I know that some of you will be sad to see Basia Me end. I'm sad about it too, but I just can't keep up this particular blog anymore. For some time now I've been wanting to write a more focused blog, because all of my inspiration these days is coming from poetry and the discussion of poetry, and I always held myself back from narrowing Basia Me. But now I feel burnt out on this blog. I need a change, irrational as that may sound.

So, without further hemming and hawing, here's my new blog:

For Keats' Sake!

The name isn't just a cute pun. This blog is my crie de cour in defense of beauty and in defiance of 99% of the poetry that has been scribbled these last forty years. Some of you may remember the mouse poem in America and the contest it spawned. Well, this is the kind of stuff that keeps me up at night. I can either start writing about it, or suffer a breakdown of Eliotian proportions. Seriously, there's a reason why normal people find the mass of today's poetry to be about as enjoyable as a sharp stick in the eye, and it's not because all the good poets have been thrown in a gulag by Bush, or because modern poets are brilliant beyond mortal comprehension, or because there's something in the water nowadays that prevents us from writing anything musical, intuitive, or intricately made. Though I recently read an article in Poetry that came close to saying that:

Fifty years on, it may be impossible to write well in the exalted language that intoxicated Sylvia Plath (and me) in the days when poets aspired to rise through the magic of words to a level above ordinary life.

Without uncritically assuming that this is what the author really believes, I will respond by saying that if I believed that proposition were true, I would have to lie down and die. The rich music of verse, from inspired Isaiah to Auden at his most urbane and flippant, is what makes a poem a poem.
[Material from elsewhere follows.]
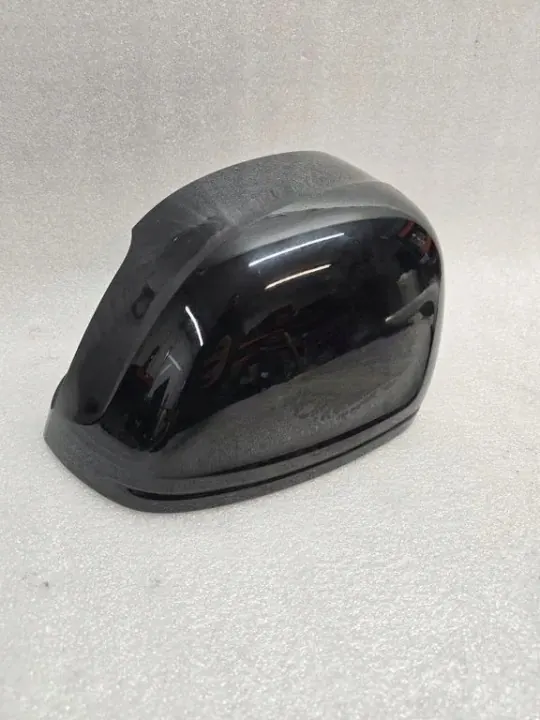 Volvo XC90 II Couvre-rétroviseur gauche OEM 32132735 image 2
Keats said that the poetry of earth was never dead, and meant that nature is always full of purpose and music; but I will be a plodder and have it mean that poetry has been with us from the beginning and will only leave us when we leave it.

The poetry of earth is ceasing never:
On a lone winter evening, when the frost
Has wrought a silence, from the stove there shrills
The Cricket’s song, in warmth increasing ever,
And seems to one in drowsiness half lost,
The Grasshopper’s among some grassy hills.

The world is wide and poetry surely thrives in many places outside of America, like the grasshoppers singing in one hemisphere when winter has silenced them in the other. But all my hopes and concerns lie in the Anglosphere, and I'm very interested in the fate of that hardy little cricket.

So here goes. Father Hopkins, pray for me!